THOMPSON, JUDGE: Energy Homes, A Division of Southern Energy Homes,
Inc. (SEHI), appeals from an order denying its motion to compel arbitration. SEHI
argues the trial court erred by finding: (1) the terms of a prior purchase agreement
precluded a subsequent arbitration agreement; (2) there was no privity of contract
and no consideration to support the arbitration agreement; and (3) the arbitration
agreement was unconscionable. We agree that the arbitration clause was
unconscionable.
On November 8, 2005, Brian Peay and his wife, Lori Peay, executed a
purchase agreement with American Dream Housing, Inc., for the purchase of a
SEHI manufactured home. The agreement provided:
This agreement contains the entire understanding
between dealer and buyer and no other representations or
inducements, verbal or written, have been made which
are not contained in this contract.
The purchase agreement did not reference a separate agreement and did not contain
an arbitration clause.
On January 30, 2006, SEHI delivered the manufactured home from its
place of business in Alabama to Owensboro, Kentucky, to American Dream,
which later delivered the home to the Peays.
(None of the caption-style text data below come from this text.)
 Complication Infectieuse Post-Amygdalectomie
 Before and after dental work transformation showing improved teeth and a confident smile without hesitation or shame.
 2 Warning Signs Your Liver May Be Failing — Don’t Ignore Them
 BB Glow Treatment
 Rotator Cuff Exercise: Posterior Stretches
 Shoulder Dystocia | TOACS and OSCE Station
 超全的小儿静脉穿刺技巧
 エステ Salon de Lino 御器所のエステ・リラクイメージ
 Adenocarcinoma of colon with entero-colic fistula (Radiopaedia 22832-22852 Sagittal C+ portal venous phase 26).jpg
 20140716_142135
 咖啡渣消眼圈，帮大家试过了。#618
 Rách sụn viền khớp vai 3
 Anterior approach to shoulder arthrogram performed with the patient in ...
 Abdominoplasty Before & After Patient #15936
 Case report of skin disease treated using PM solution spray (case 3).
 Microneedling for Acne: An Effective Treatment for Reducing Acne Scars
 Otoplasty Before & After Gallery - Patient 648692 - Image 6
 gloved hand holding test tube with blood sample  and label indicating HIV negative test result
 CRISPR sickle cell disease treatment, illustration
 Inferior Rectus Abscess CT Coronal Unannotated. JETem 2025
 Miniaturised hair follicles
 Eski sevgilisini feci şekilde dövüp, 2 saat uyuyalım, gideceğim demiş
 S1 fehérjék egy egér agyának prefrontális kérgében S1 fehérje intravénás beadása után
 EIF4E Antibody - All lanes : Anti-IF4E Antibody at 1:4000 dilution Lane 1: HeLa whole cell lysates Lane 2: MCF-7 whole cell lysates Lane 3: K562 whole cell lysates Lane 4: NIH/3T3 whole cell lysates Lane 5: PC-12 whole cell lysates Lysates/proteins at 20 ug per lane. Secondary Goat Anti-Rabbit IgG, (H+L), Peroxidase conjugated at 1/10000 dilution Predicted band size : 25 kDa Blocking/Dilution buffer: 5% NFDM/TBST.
Pursuant to a contract with the Peays,
Jerry Morris Construction placed the home over its foundation and Larry Hayden
performed plumbing work.
On June 26, 2006, over seven months after the Peays executed the
purchase agreement for the home, the purchase closed. In addition to signing the
final sales agreement, Brian Peay received a warranty book from SEHI and signed
an attached agreement entitled “Binding Arbitration Agreement and Jury Waiver.”
The warranty book was signed by Brian Peay, representatives of SEHI and
American Dream but was not signed by Lori Peay.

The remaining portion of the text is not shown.